Promesse européenne sur les visas de transit
La Commission européenne s'est engagée à réexaminer le problème des visas de transit Schengen pour les étrangers résidant en Suisse et non-membres de l'Union européenne.
Selon une délégation syndicale suisse, elle a promis une réponse en septembre.
«La rencontre a été extrêmement utile», a déclaré mardi à Bruxelles Jacques Robert, vice-président du Syndicat industrie et bâtiment (SIB).
Composée de cinq personnes, la délégation a pu faire part de ses revendications à Joaquim Nunes de Almeida, membre du cabinet d’Antonio Vitorino, commissaire en charge de la justice et des affaires intérieures.
Patience à bout
«On a appris à M. Almeida que le problème des visas de transit n’était toujours pas réglé», a poursuivi Jacques Robert, en soulignant que «la patience des gens était à bout».
Quelque 500’000 personnes, la plupart ressortissants d’ex-Yougoslavie ou de Turquie, sont concernées.
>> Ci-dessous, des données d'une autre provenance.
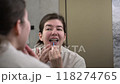 Woman brushing braces teeth by orthodontic brush. Female cleaning oral brackets. 118274765
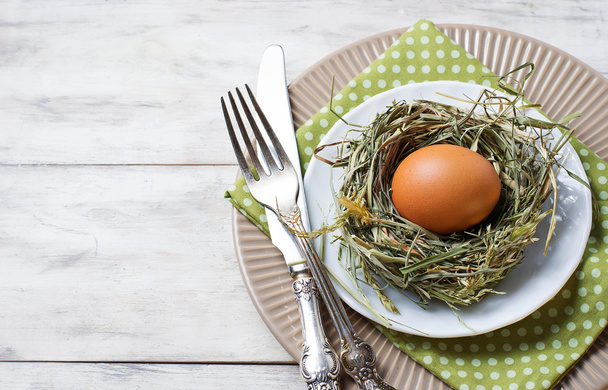 Пасхальна обстановка столу з курячими яйцями в гнізді
 - Фото, зображення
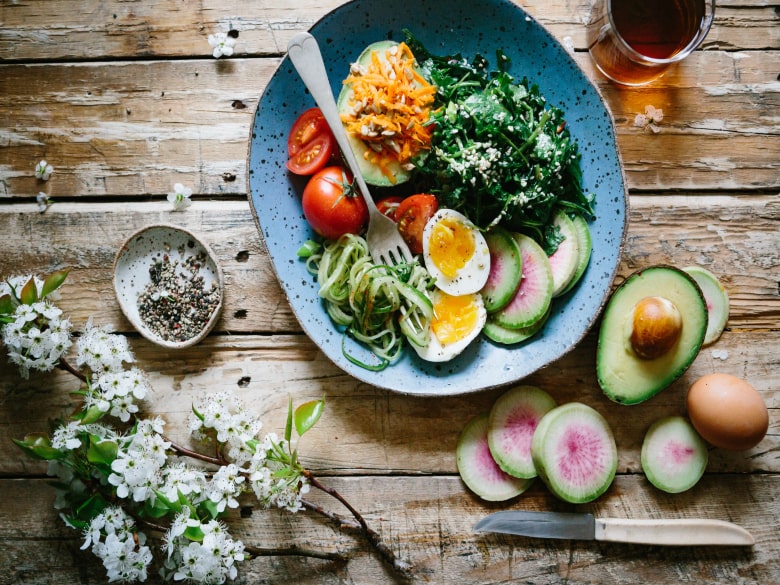 Fresh tomatoes, zucchini noodles, poached eggs, radishes, carrots, and kale in a bowl drizzled with sesame oil and coconut aminos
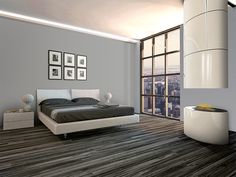 a modern bedroom with wood flooring and gray walls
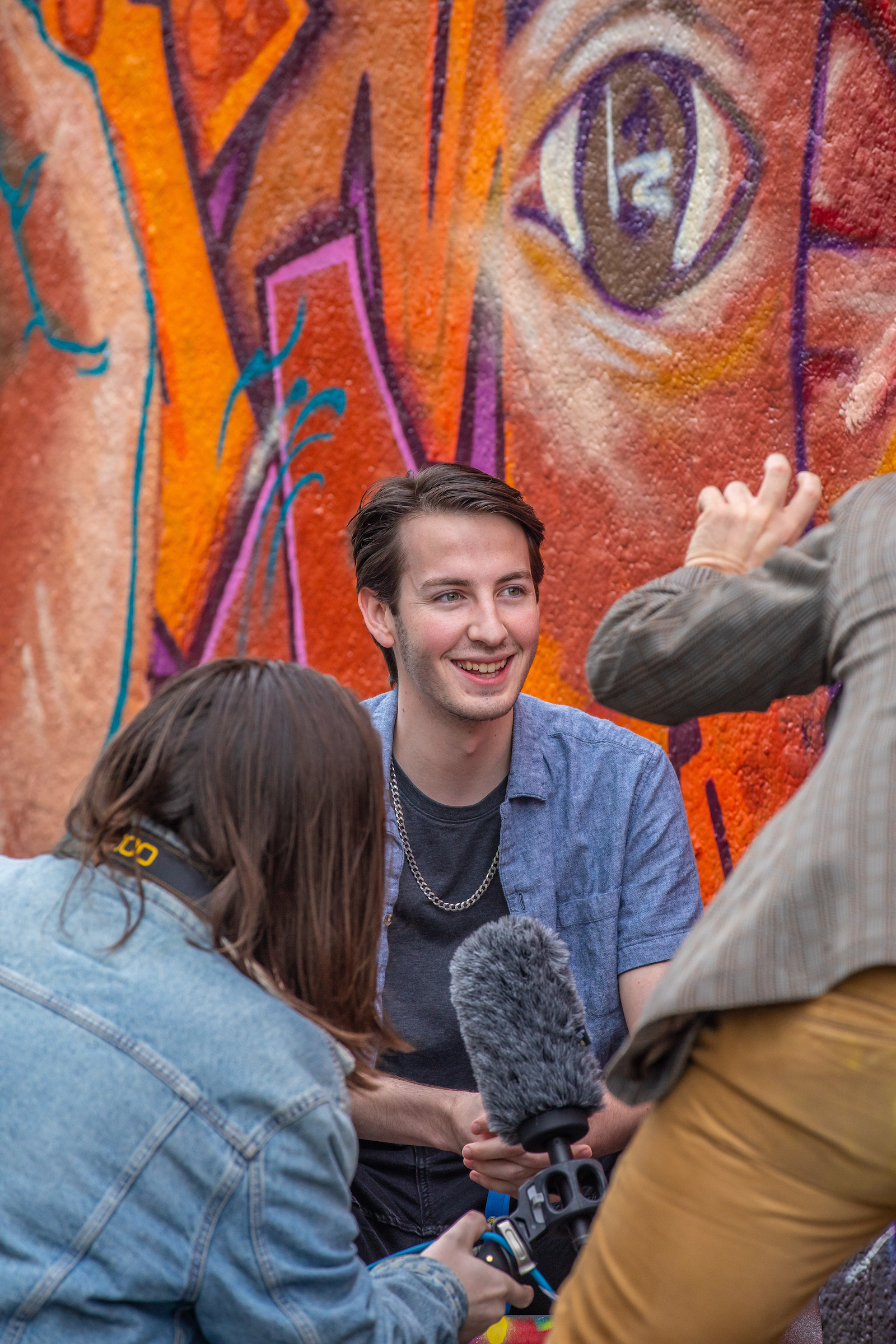 A person smiles while being interviewed outdoors, with a vibrant graffiti mural featuring a large eye in the background.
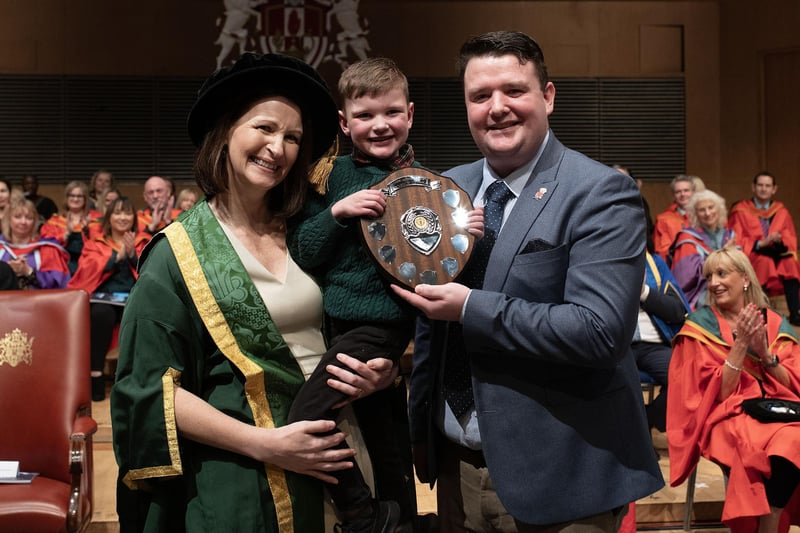 University Provost Cathy Gormley-Heenan presents the Ulster University's Convocation Postgraduate Student of the Year award to Máirtín Mac Gabhann at the Ulster University Winter Graduation Ceremony at the ICC, Belfast. Pictured holding his dad’s award is Dáithí Mac Gabhann.
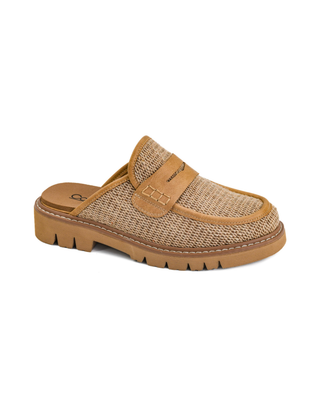 Am I Right Raffia Mule featuring a woven raffia upper, tan penny loafer detail, and lightweight lug sole.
Avec parfois des conséquences «scandaleuses», sans parler des demandes d’informations «chicanières et inutiles».
Aujourd’hui, les citoyens de pays non-membres de l’Union européenne (UE) résidant en Suisse ont besoin d’un visa pour se rendre dans l’espace Schengen. L’obtenir prend souvent de longs mois.
En juillet 2002, le syndicat pensait avoir surmonté l’obstacle en obtenant une prolongation de la validité des visas de six mois à deux ans. Mais les files d’attente devant les ambassades sont toujours aussi longues.
Abolition demandée
Pour le SIB, il faut «purement et simplement abolir ce visa». «Nous demandons une vraie solution», a insisté Vania Alleva, responsable du domaine Migration et Intégration au SIB, en rappelant que les personnes touchées sont établies de longue date en Suisse.
D’après la délégation qui comprenait également des membres du Forum pour l’intégration des migrants (FIM), M. Almeida reconnaît que «cette situation est aberrante».
Selon ses interlocuteurs, le haut fonctionnaire bruxellois a estimé qu’il faudrait obtenir «un consensus» au sein de l’UE pour résoudre ces difficultés. Les responsables suisses ont indiqué également qu’ils avaient sollicité l’appui de la présidence italienne de l’UE et de parlementaires européens afin de débloquer le dossier.
Obtenir la réciprocité
Dans le cadre des bilatérales bis, la Confédération négocie actuellement son association à Schengen. Sur ce point précis, elle est cependant en avance sur l’UE.
Elle a supprimé l’obligation de visas en juillet 2000 pour les ressortissants d’Etats tiers résidant légalement dans l’espace Schengen. Pour le SIB, il est temps d’obtenir maintenant la réciprocité de la part de Bruxelles.
swissinfo et les agences
– L’Espace Schengen au sein duquel la libre circulation des personnes est de mise comprend les quinze membres de l’Union européenne à l’exception de la Grande-Bretagne. La Norvège et l’Islande en font également partie.
– La Suisse abrite 560’000 citoyens européens dont le pays n’est pas membre de l’Espace Schengen. Et notamment des Yougoslaves, des Bosniaques, des Macédoniens et des Turcs.